Ma è stato abbastanza? È stato all’altezza del lignaggio che eredita? Non è facile raccogliere l’eredità di Martin Margiela, né tantomeno succedere a John Galliano. Martens lo sa. Eppure, ha osato guardare indietro senza cadere in omaggi sterili. Ha recuperato elementi iconici dell’immaginario Margiela — le maschere, la decostruzione, i materiali di recupero — e li ha fusi con una visione scenica personale, con tocchi fiamminghi, gotici e post-apocalittici. Alcuni potrebbero trovarlo eccessivo o disordinato. Ma, se Margiela ci ha insegnato qualcosa, è che anche il dissonante può essere verità.
Cortesia Maison Margiela
Ciò che Martens ha fatto non è stato semplicemente “adempiere”. È stata una dichiarazione di una nuova era. Un’era in cui Margiela resta irriverente, provocatoria ed emotivamente intensa.

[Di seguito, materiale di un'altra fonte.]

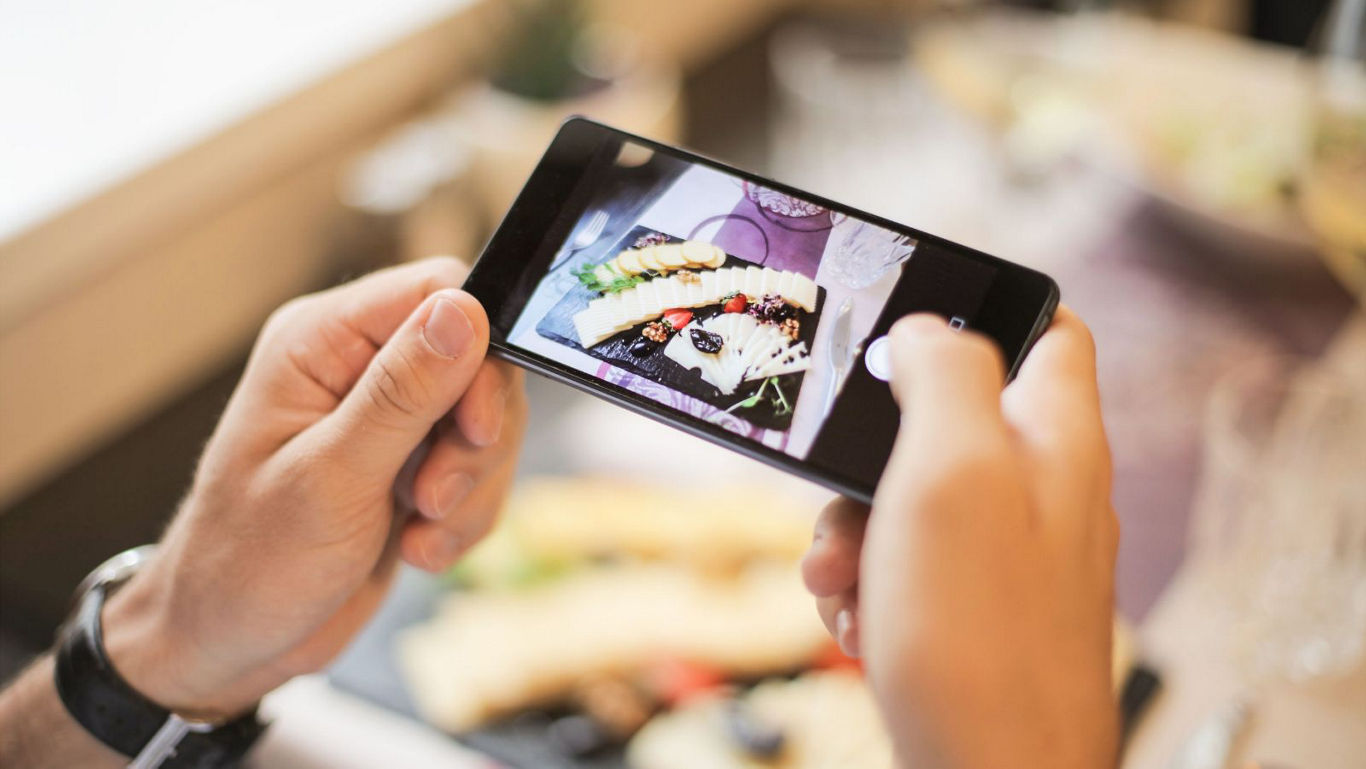 Person photographing gourmet meal with smartphone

La sua visione è più cupa, meno ironica rispetto a quella dei predecessori, ma altrettanto fedele a ciò che ha sempre definito la maison: la volontà di disturbare. E questo, in un’industria spesso incline alla compiacenza, è un atto necessario.

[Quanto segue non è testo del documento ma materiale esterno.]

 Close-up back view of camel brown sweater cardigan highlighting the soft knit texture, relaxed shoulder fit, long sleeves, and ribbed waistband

Per ora, il futuro di Martens da Margiela appare promettente. Il suo primo passo è stato deciso, rischioso e intriso di una sensibilità belga che non si perde nei manierismi. Ha dato nuova voce a una maison che vive di rischio, e lo ha fatto con emozione, dettaglio e artigianalità. Se questo è solo l’inizio, non resta che attendere quali altre stratificazioni dell’identità Margiela sarà disposto a rivelare. Perché l’anima della casa non solo è tornata. È tornata con forza, con rumore e con un’estetica che sfida ogni convenzione sulla bellezza. Martens non si accontenta di ripetere formule né di vivere all’ombra dei grandi nomi che l’hanno preceduto. È qui per scrivere il suo capitolo. Uno che profuma di terra bagnata, di pizzo consumato, di storia riciclata. Uno che, per ora, ci lascia in sospeso, inquieti e con gli occhi ben aperti.